* **Exercise description**: Return the entries below in their exact form, leaving the pictures out.

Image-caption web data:
☆ ☆ ☆ ☆

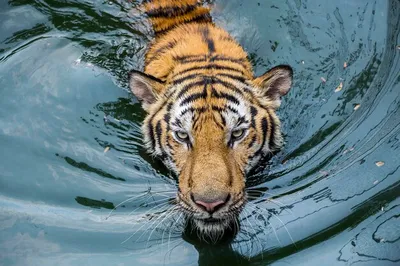 Тигр Амура в воде стоковое фото. изображение насчитывающей движение -  28331144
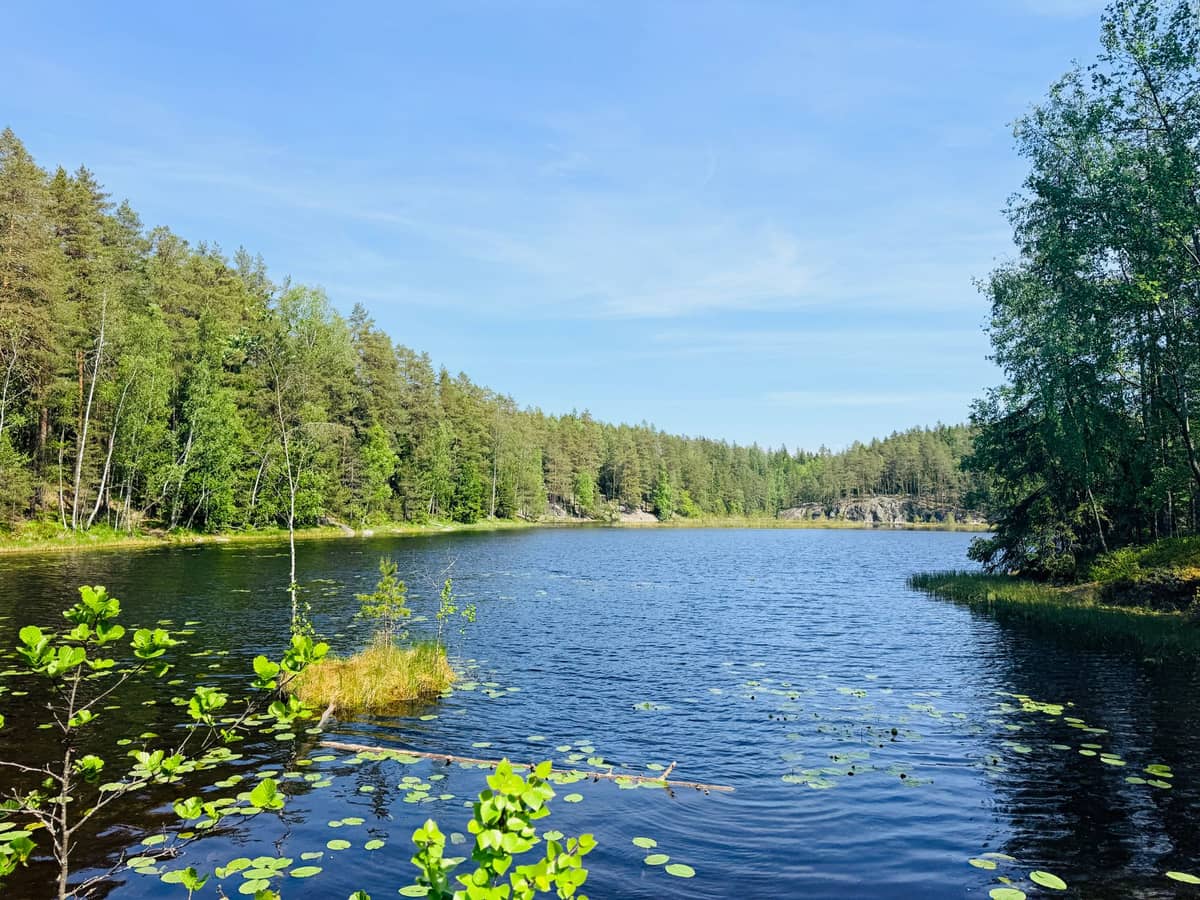 Vista de verão ensolarado de um lago glacial cercado por densa floresta antiga e afloramentos de granito no Parque Nacional de Nuuksio, Espoo, Finlândia.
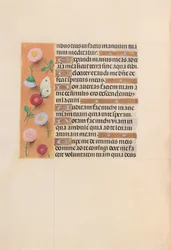 Stundenbuch der Königin Isabella die Katholische, Königin von Spanien: Fol. 209v, um 1500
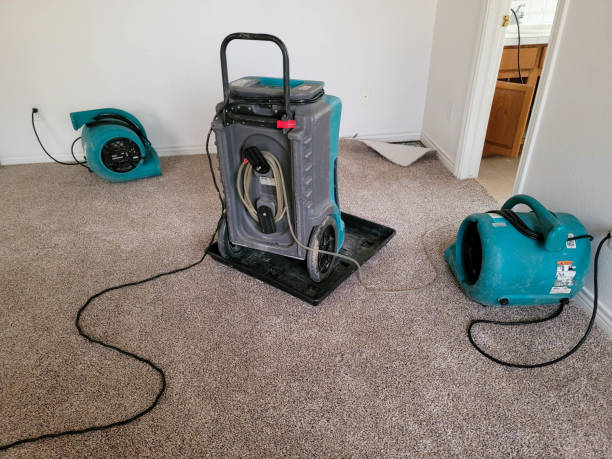 Best Professional water damage repair  in Montgomery, WV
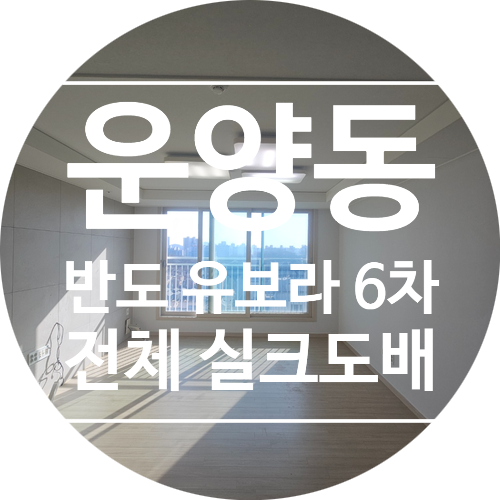  운양동반도유보라6차아파트   전체실크도배 시공후기 KS벽지 이룸2124-1화이트 2120-6 웜그레이 디테일 벽지
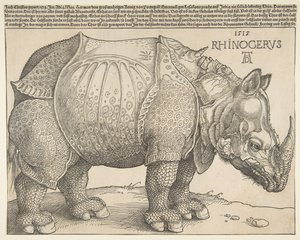 Rhinoceros.n.d. 作： Albrecht Dürer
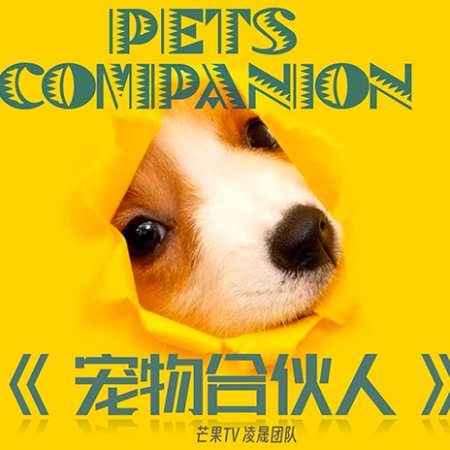 Pets Companion ()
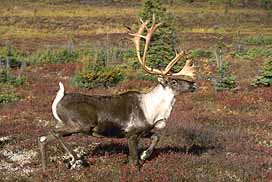 Caribou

☆ ☆ ☆ ☆

* **Answer below**:
 Тигр Амура в воде стоковое фото. изображение насчитывающей движение -  28331144
 Vista de verão ensolarado de um lago glacial cercado por densa floresta antiga e afloramentos de granito no Parque Nacional de Nuuksio, Espoo, Finlândia.
 Stundenbuch der Königin Isabella die Katholische, Königin von Spanien: Fol. 209v, um 1500
 Best Professional water damage repair  in Montgomery, WV
  운양동반도유보라6차아파트   전체실크도배 시공후기 KS벽지 이룸2124-1화이트 2120-6 웜그레이 디테일 벽지
 Rhinoceros.n.d. 作： Albrecht Dürer
 Pets Companion ()
 Caribou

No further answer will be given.